* _Exercise prompt_
Pictures excluded, please transcribe exactly the lines from the one with "Mode Pullover Kette" through the end of the records below, and nothing more.

═══ Study material ═══

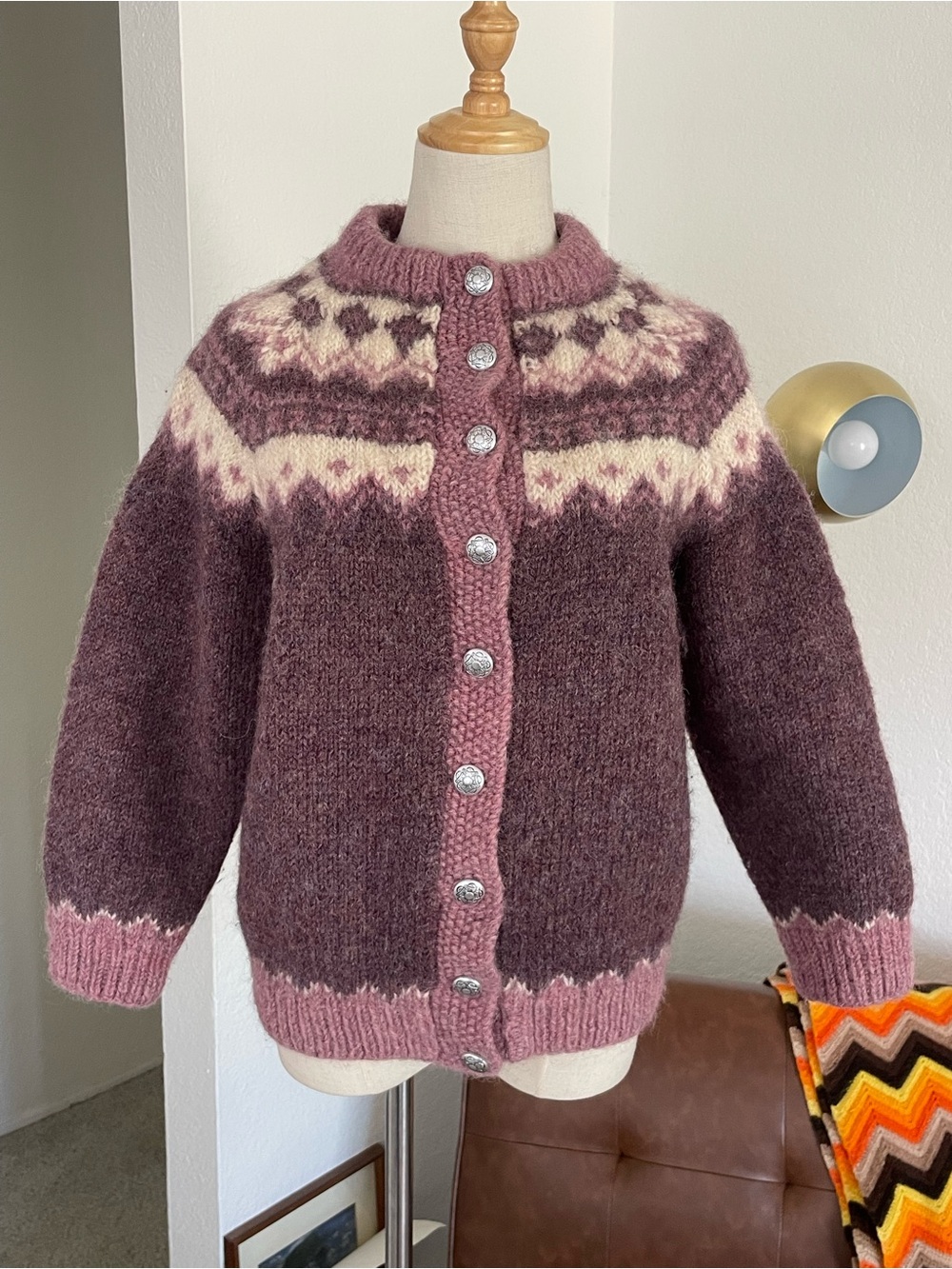 Vintage Cottagecore Boho Denmark Wool Fair Isle Nordic Buttoned Cardigan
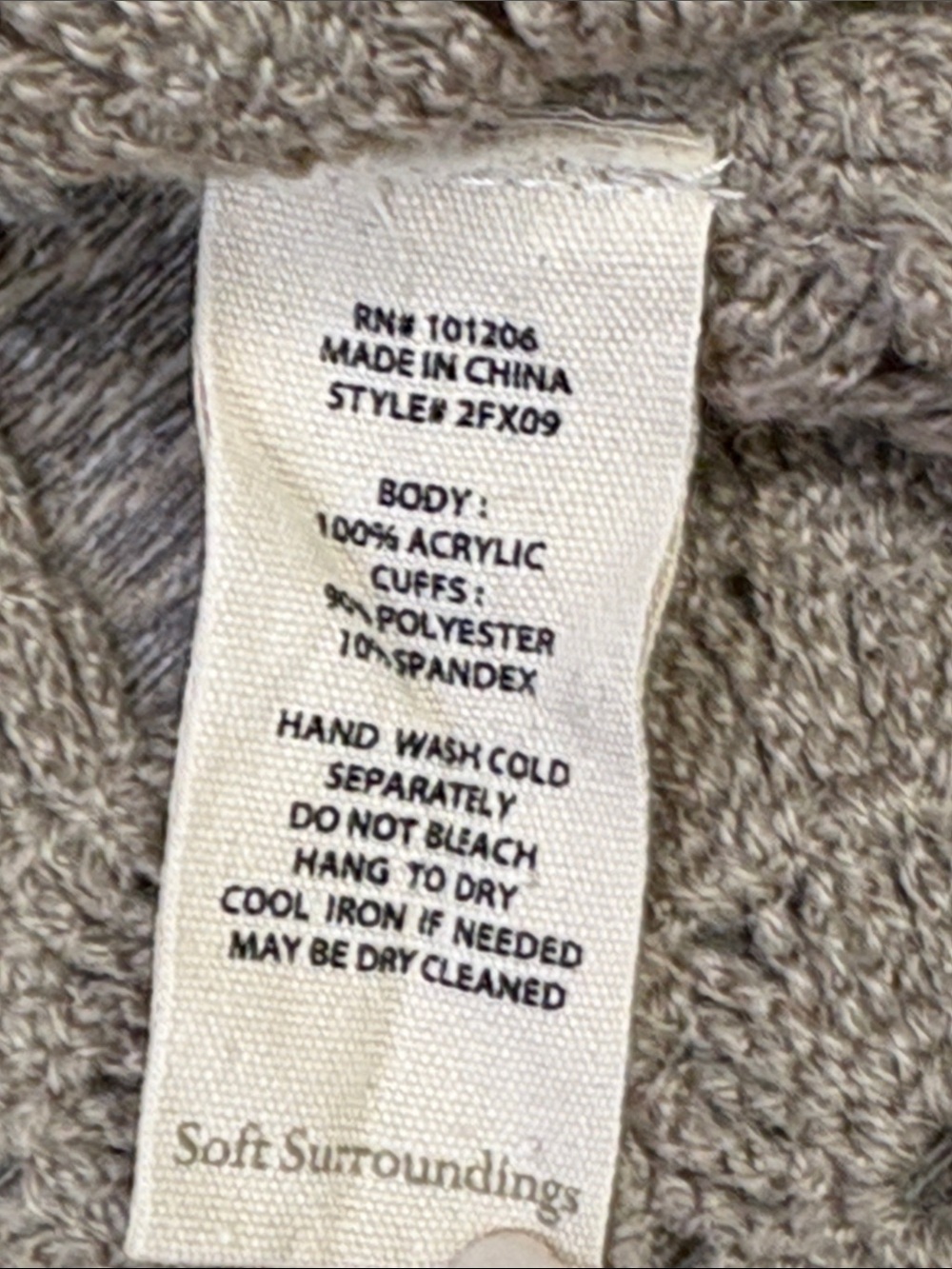 Soft Surroundings Crochet Open Knit Sweater Taupe Boho Collared Pullover XS - Picture 4 of 9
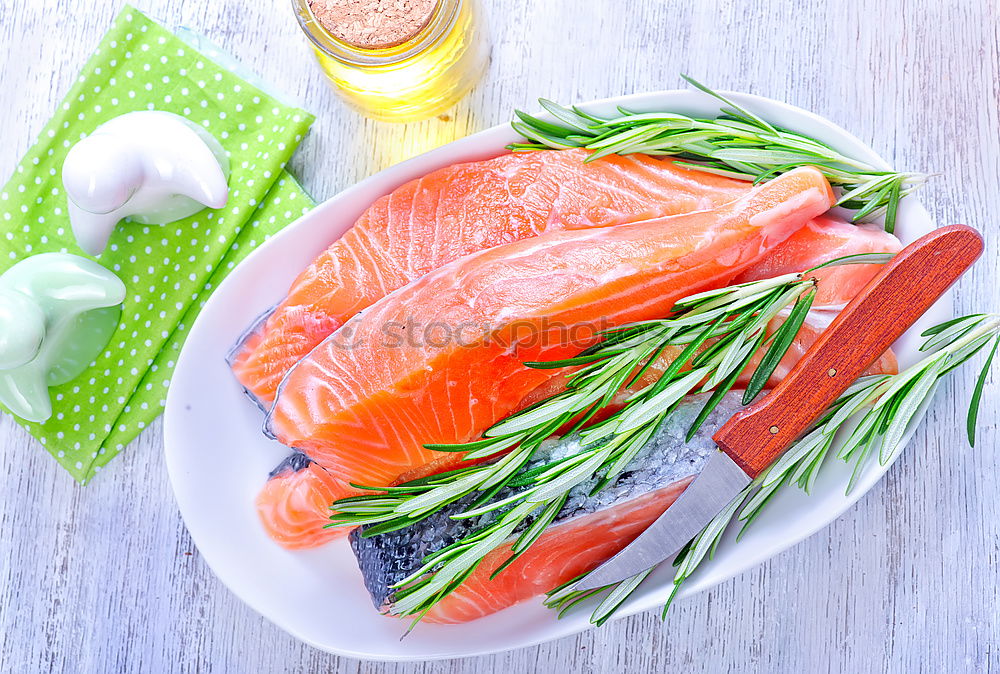 Similar – Image, Stock Photo Raw salmon with lemon and spices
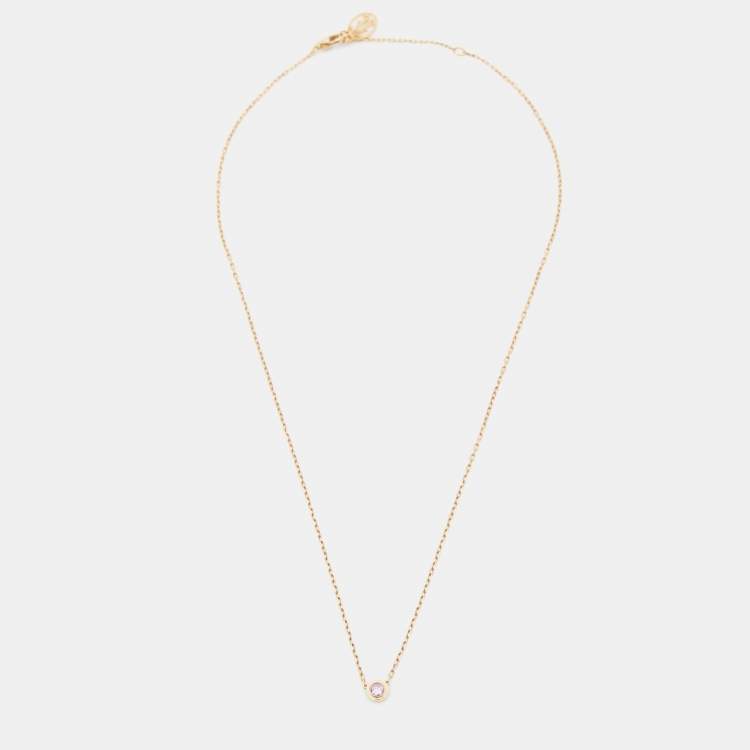 Pre Owned Cartier D'Amour Pink Sapphire 18k Rose Gold Necklace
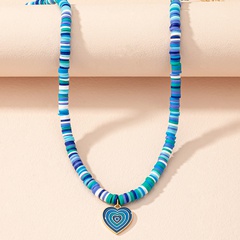 Mode Pullover Kette blaue weiche Keramik Herzform Halskette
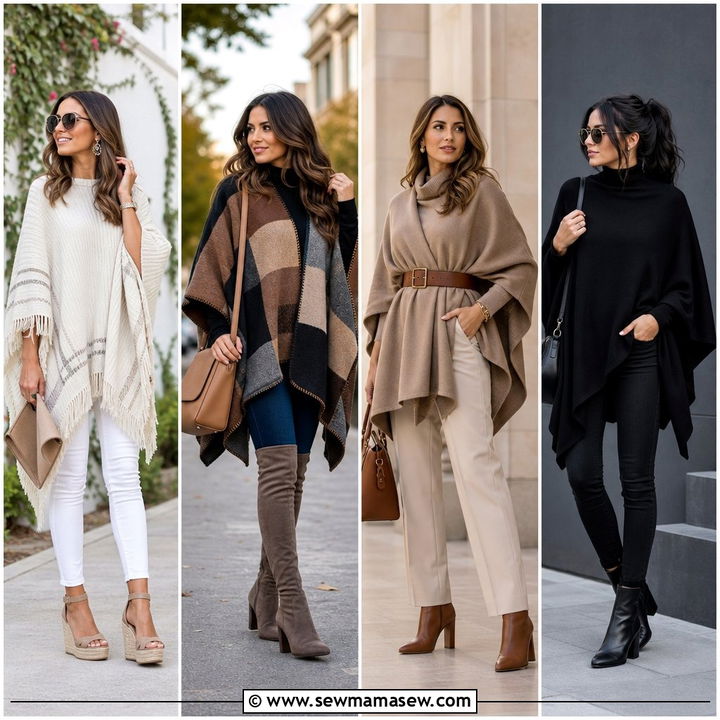 40 Poncho Outfit Ideas for Cozy and Chic Looks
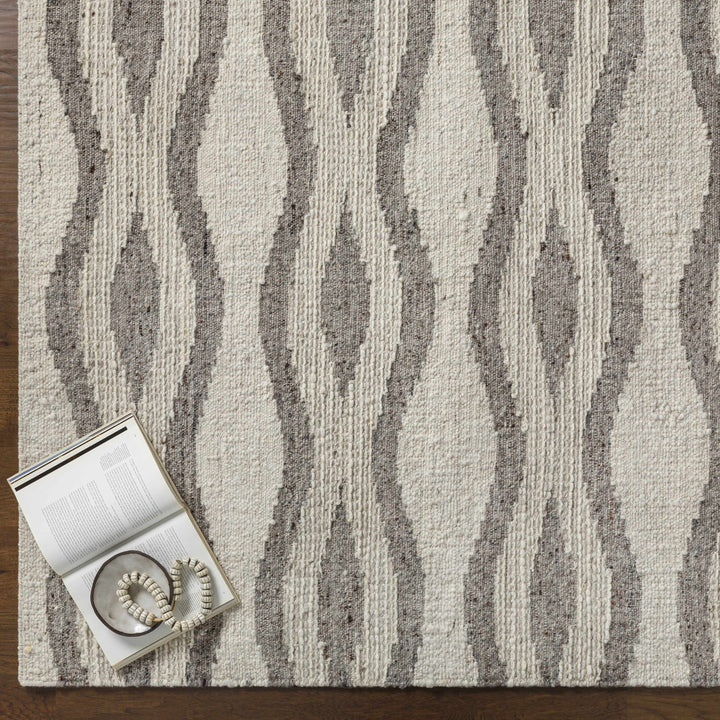Lavalwaves Modern Style Ivory And Gray Hand Woven Wool Rug - The Rug Decor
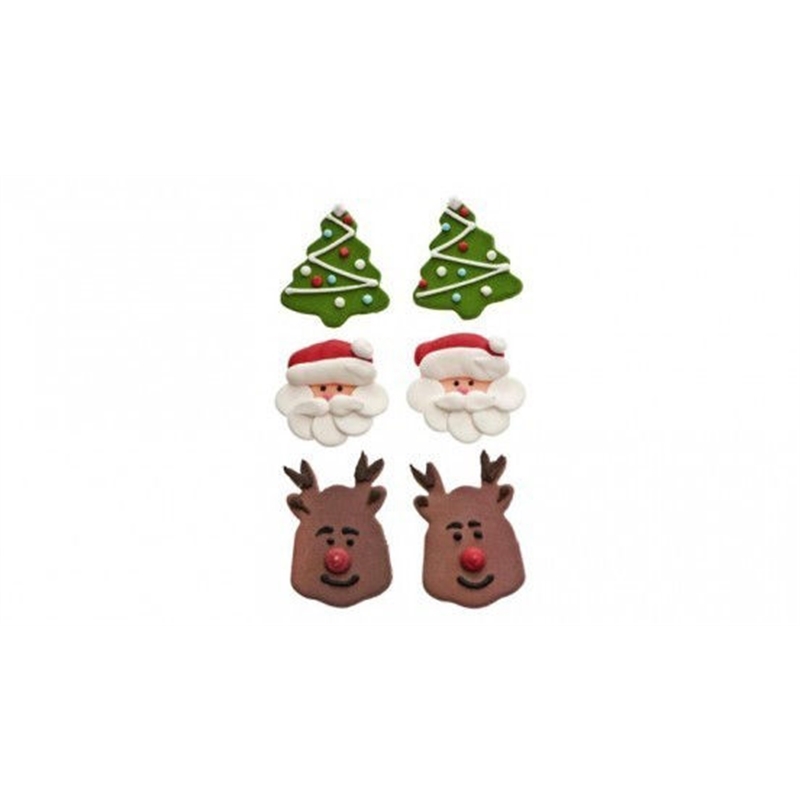 Decorazioni Natalizie in Zucchero 6 pezzi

═══

* _Result of this task_
 Mode Pullover Kette blaue weiche Keramik Herzform Halskette
 40 Poncho Outfit Ideas for Cozy and Chic Looks
Lavalwaves Modern Style Ivory And Gray Hand Woven Wool Rug - The Rug Decor
 Decorazioni Natalizie in Zucchero 6 pezzi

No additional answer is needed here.